I want to break down a large job, running on a Microsoft-hosted agent, into smaller jobs running sequentially, on the same agent. The large job is organized like this:
pool:
vmImage: 'windows-latest'
jobs:
- job: large_job
steps:
- task: NuGetCommand@2
inputs:
command: 'restore'
- task: VSBuild@1
- task: VSTest@2
I want to break it down into two smaller jobs, like this:
pool:
vmImage: 'windows-latest'
jobs:
- job: job_one
steps:
- task: NuGetCommand@2
inputs:
command: 'restore'
- job: job_two
dependsOn: job_one
steps:
- checkout: none
- task: VSBuild@1
- task: VSTest@2
... so that downloading all of my binary resources will happen in job_one
, and the build and test will happen in job_two
.
Jobs include an optional parameter, workspace:clean
, which is used with self-hosted agents to specify whether the binary resources, build results, or everything should be erased from the agent.

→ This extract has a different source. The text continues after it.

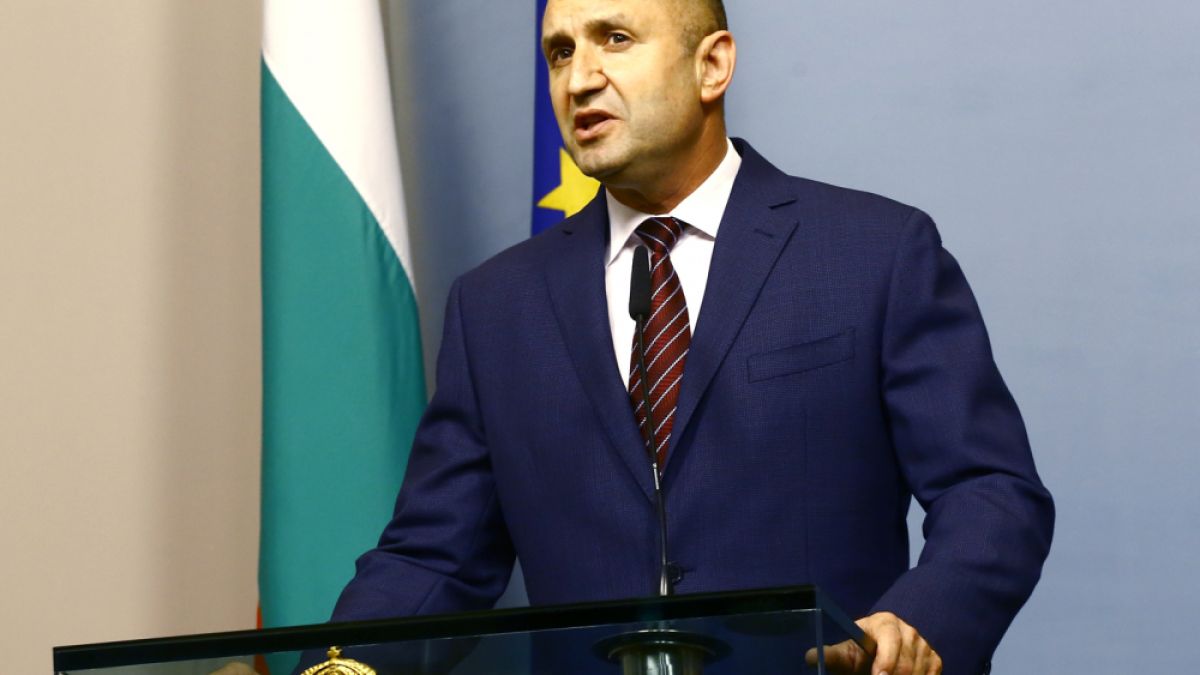Министерство на отбраната с горещ детайл за COVID скандала с Радев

If the workspace:clean
parameter is omitted, nothing is erased -- everything is preserved. That's what I want.
However, according to the Workspace topic in the Azure Devops documentation:
The workspace clean options are applicable only for self-hosted agents. When using Microsoft-hosted agents, jobs are always run on a new agent.
This means that all of my binary resources are erased before job_two
can run the build task. I want to do the equivalent of this:
- job: job_two
dependsOn: job_one
workspace:
clean: none
steps:
- checkout: none
- task: VSBuild@1
- task: VSTest@2
I want to avoid using a self-hosted agent. How can I do this using a Microsoft-hosted agent?